◆ Extracted material:
►
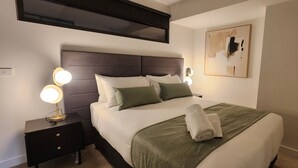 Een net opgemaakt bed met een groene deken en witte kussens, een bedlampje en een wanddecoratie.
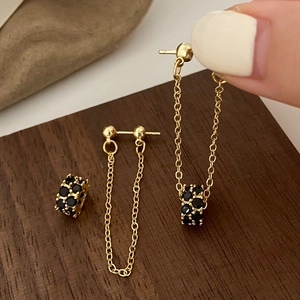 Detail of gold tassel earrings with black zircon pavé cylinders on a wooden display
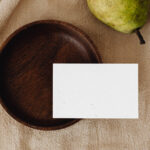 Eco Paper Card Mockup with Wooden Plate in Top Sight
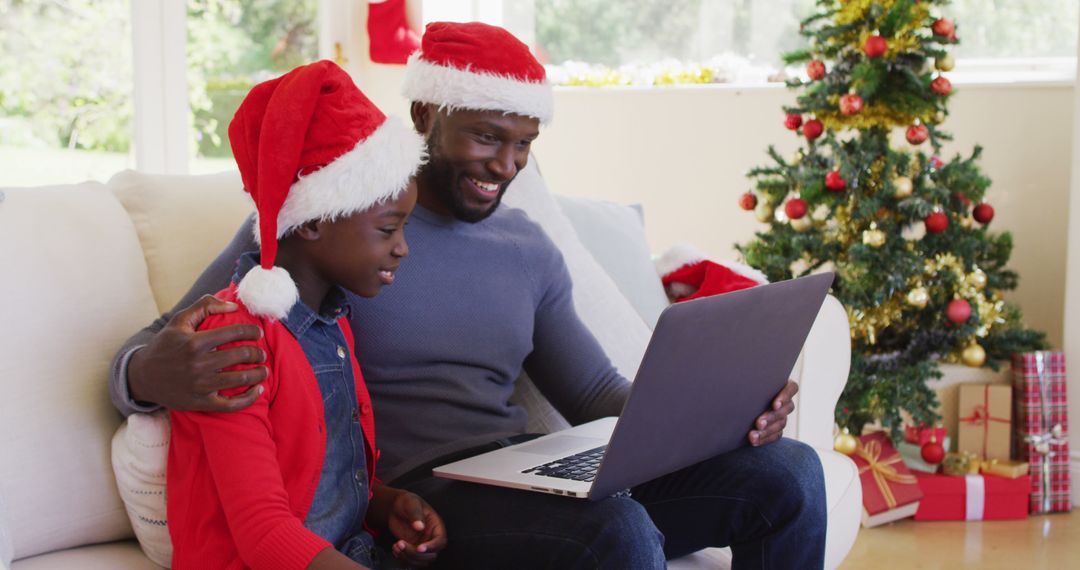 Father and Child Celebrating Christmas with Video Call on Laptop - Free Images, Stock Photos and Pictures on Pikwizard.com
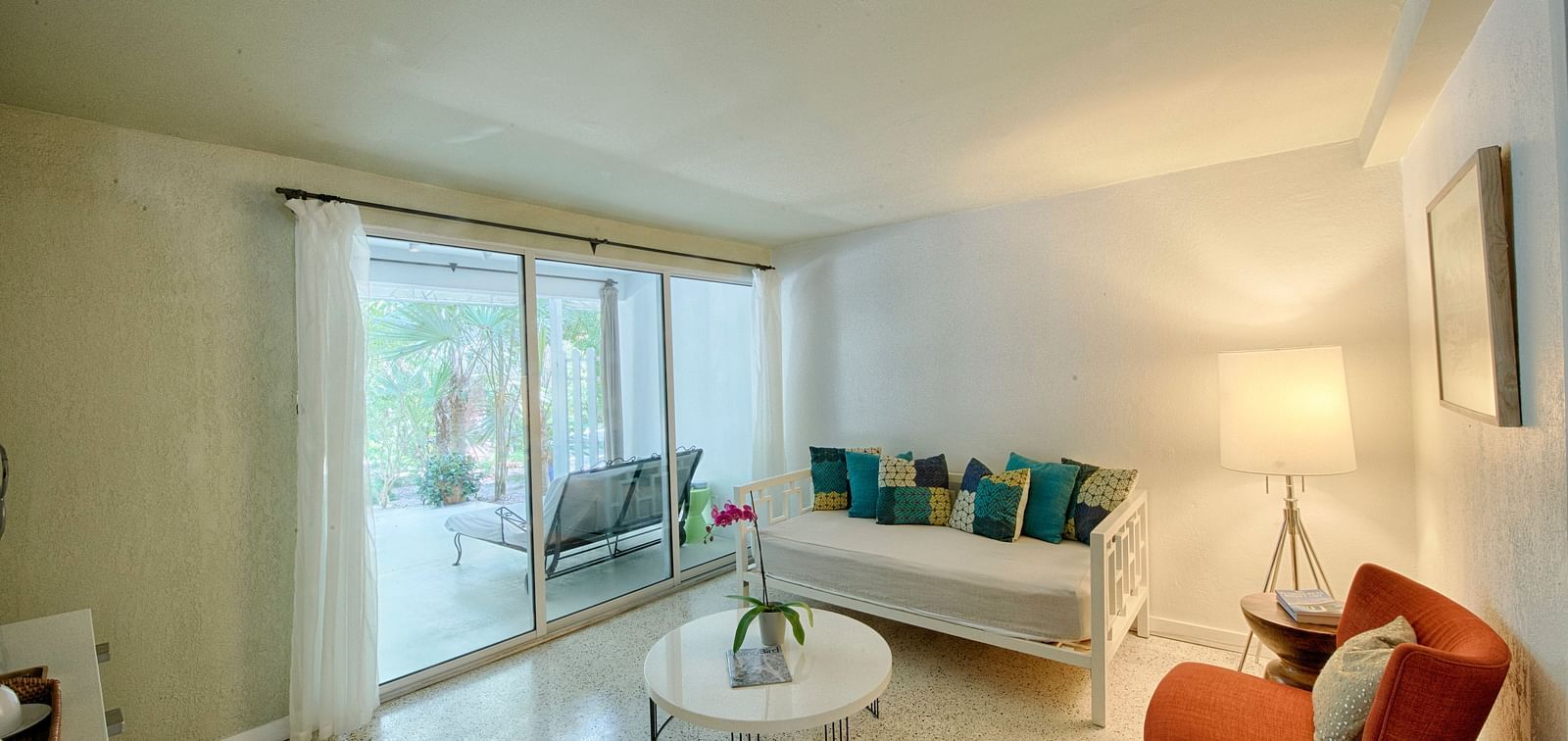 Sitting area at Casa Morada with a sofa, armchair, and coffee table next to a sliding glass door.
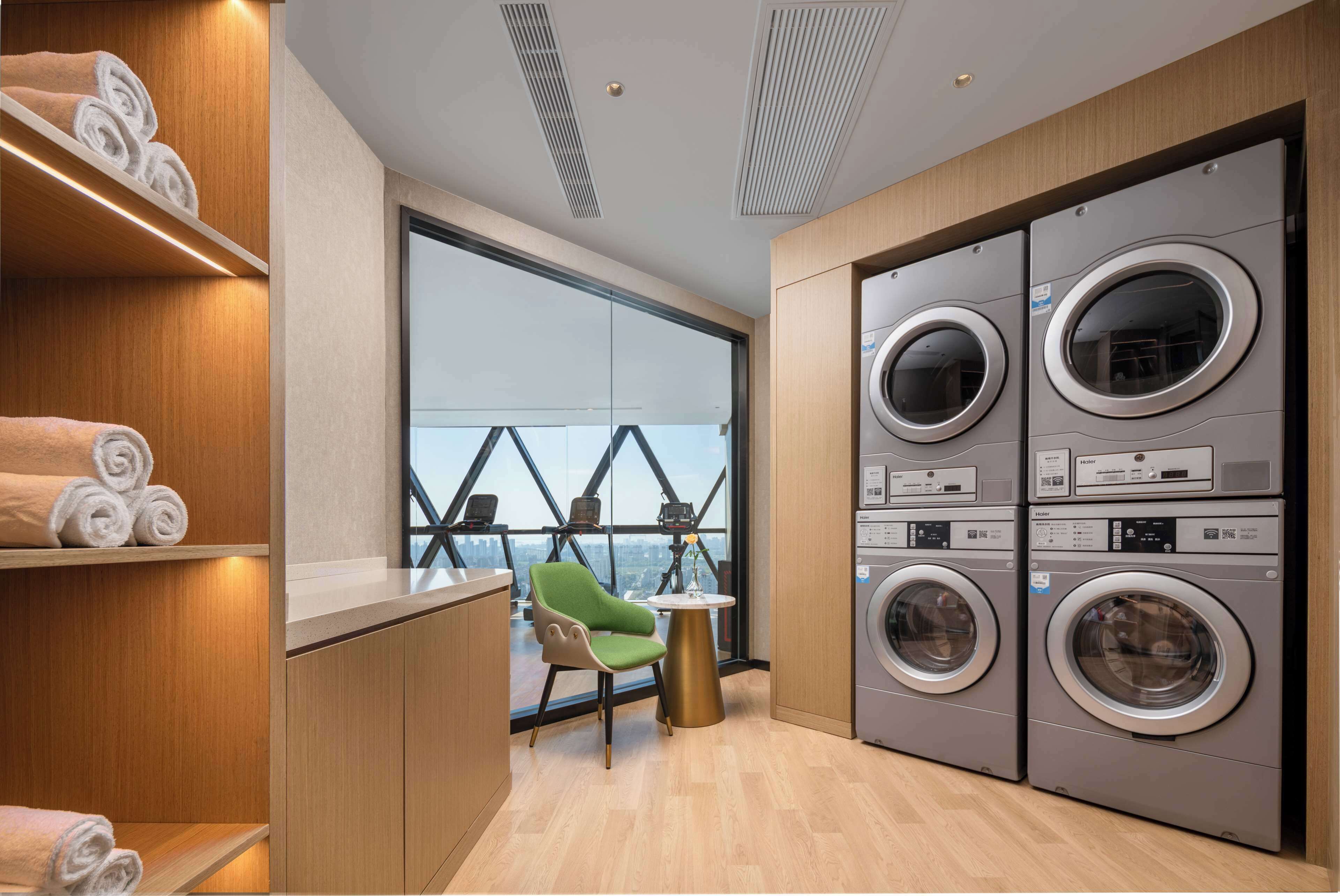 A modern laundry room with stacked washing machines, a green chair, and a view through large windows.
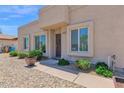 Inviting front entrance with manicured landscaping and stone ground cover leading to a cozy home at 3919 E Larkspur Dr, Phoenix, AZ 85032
◄
►
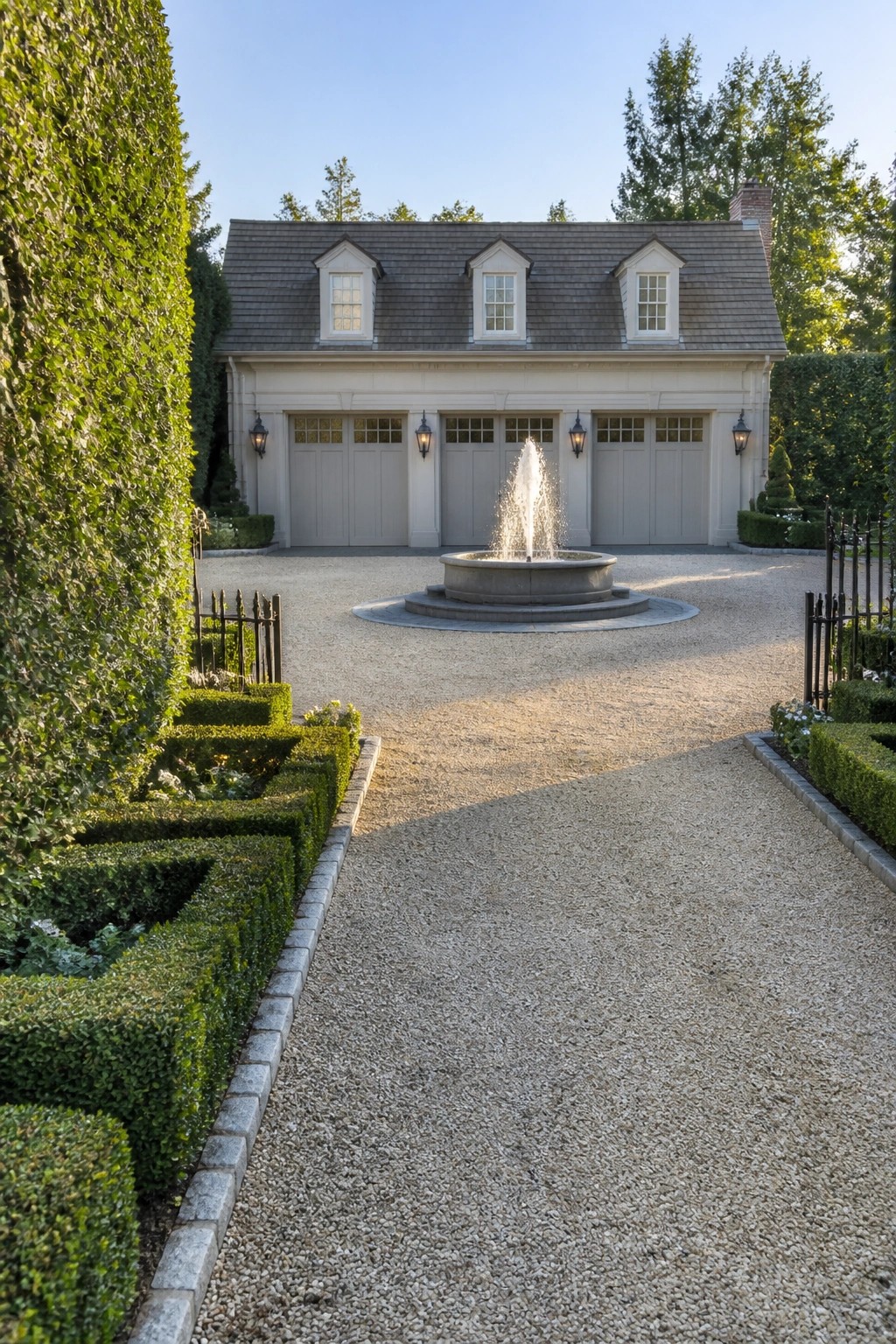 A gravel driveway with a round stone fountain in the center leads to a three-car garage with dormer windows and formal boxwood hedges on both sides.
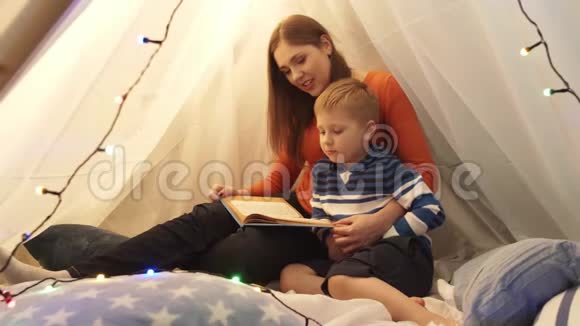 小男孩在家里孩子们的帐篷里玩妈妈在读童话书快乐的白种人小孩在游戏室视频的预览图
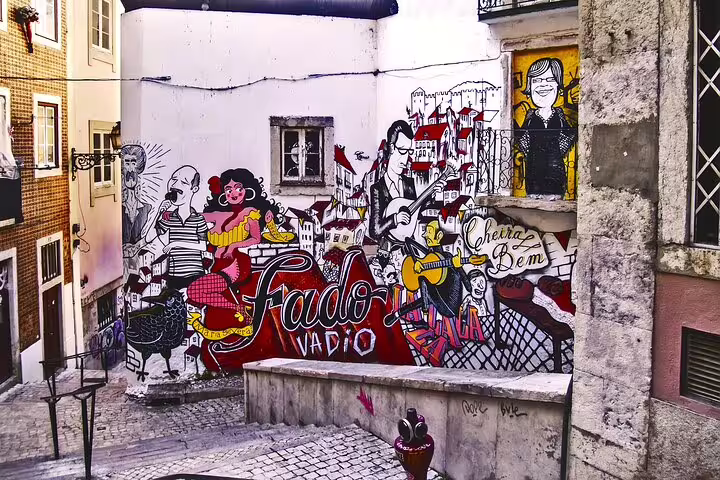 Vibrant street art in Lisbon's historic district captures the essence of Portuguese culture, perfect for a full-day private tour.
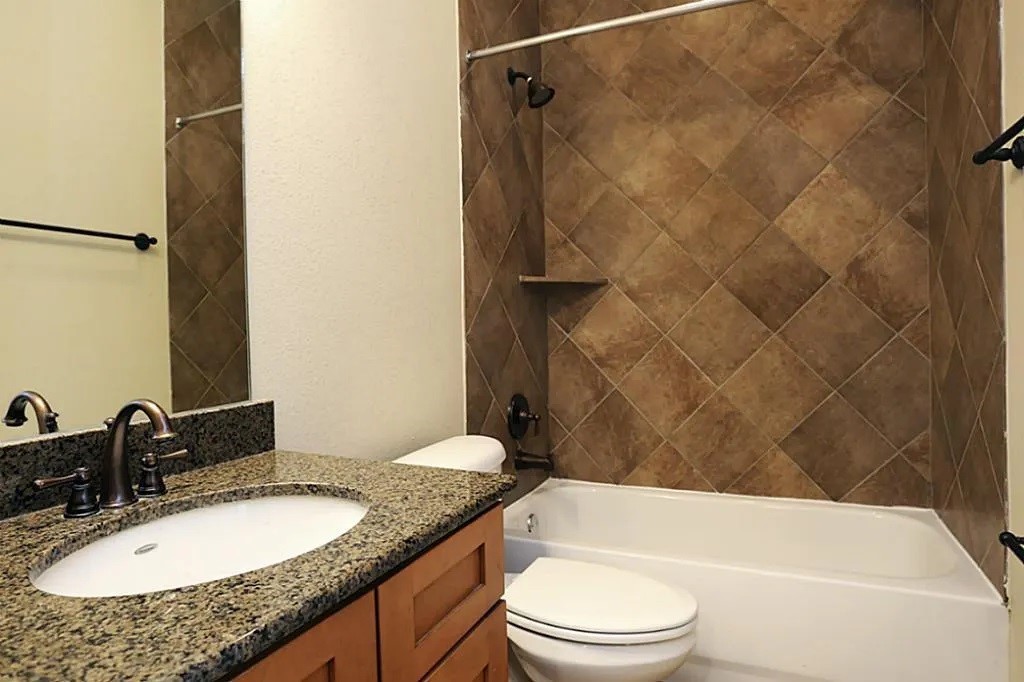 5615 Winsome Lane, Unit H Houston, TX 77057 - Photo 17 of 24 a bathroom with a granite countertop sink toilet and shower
◄
◆ How to complete this task: Set down again, exactly, every line above from the one with "Vibrant street art" down to the one with "5615 Winsome Lane, Unit", both ends included. No pictures, and nothing else.

◆ Solution to the exercise:
 Vibrant street art in Lisbon's historic district captures the essence of Portuguese culture, perfect for a full-day private tour.
 5615 Winsome Lane, Unit H Houston, TX 77057 - Photo 17 of 24 a bathroom with a granite countertop sink toilet and shower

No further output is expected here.